Record excerpts:
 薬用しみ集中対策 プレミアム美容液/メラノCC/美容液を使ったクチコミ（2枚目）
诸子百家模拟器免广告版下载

...

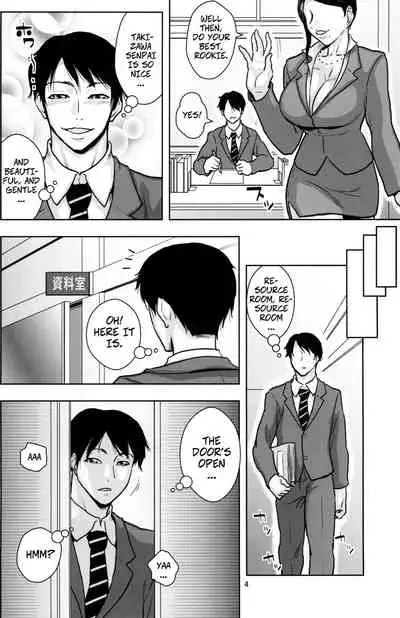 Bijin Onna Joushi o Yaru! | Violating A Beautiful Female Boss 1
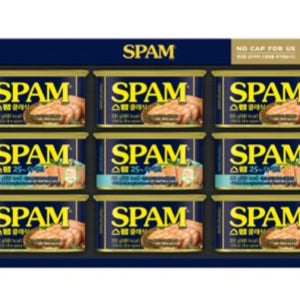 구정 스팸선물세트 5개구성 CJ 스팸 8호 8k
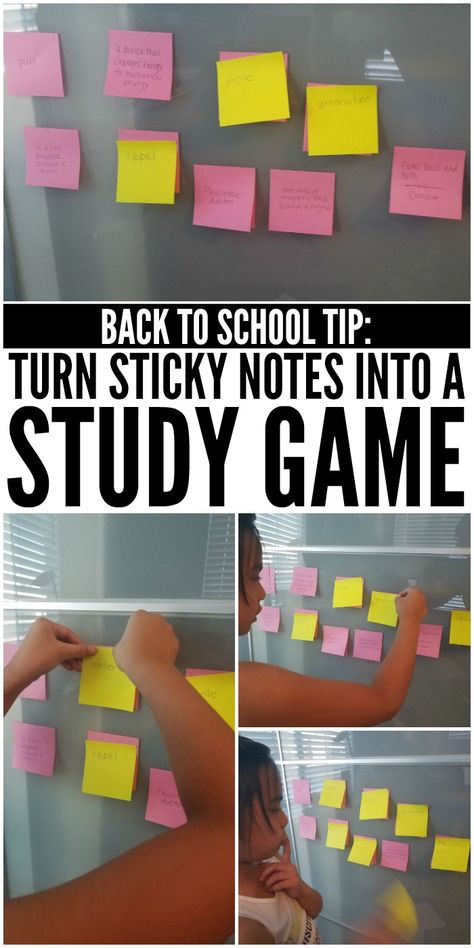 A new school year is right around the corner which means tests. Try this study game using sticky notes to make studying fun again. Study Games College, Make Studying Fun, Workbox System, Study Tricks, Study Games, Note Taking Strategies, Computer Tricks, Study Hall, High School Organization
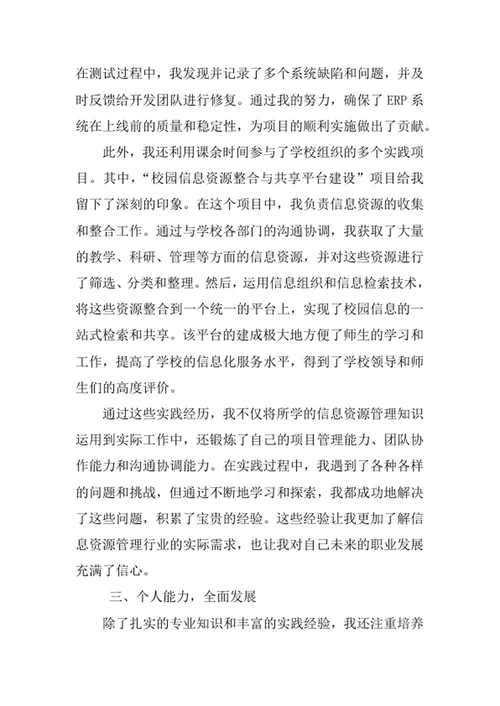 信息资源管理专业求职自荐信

--

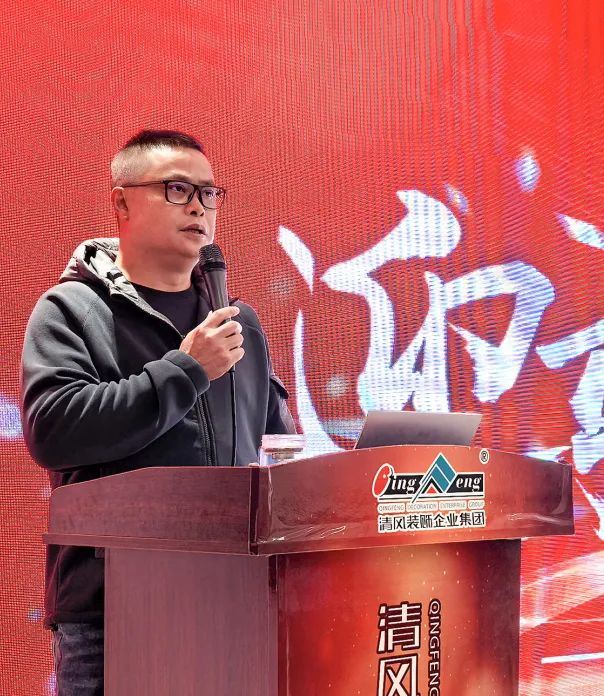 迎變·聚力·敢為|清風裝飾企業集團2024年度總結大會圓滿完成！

Exercise prompt: Look above for the line with "A new school", then print it and each line after it down to and including the line with "信息资源管理专业求职自荐信". Leave out the pictures and keep the wording exact.

Completed exercise:
 A new school year is right around the corner which means tests. Try this study game using sticky notes to make studying fun again. Study Games College, Make Studying Fun, Workbox System, Study Tricks, Study Games, Note Taking Strategies, Computer Tricks, Study Hall, High School Organization
 信息资源管理专业求职自荐信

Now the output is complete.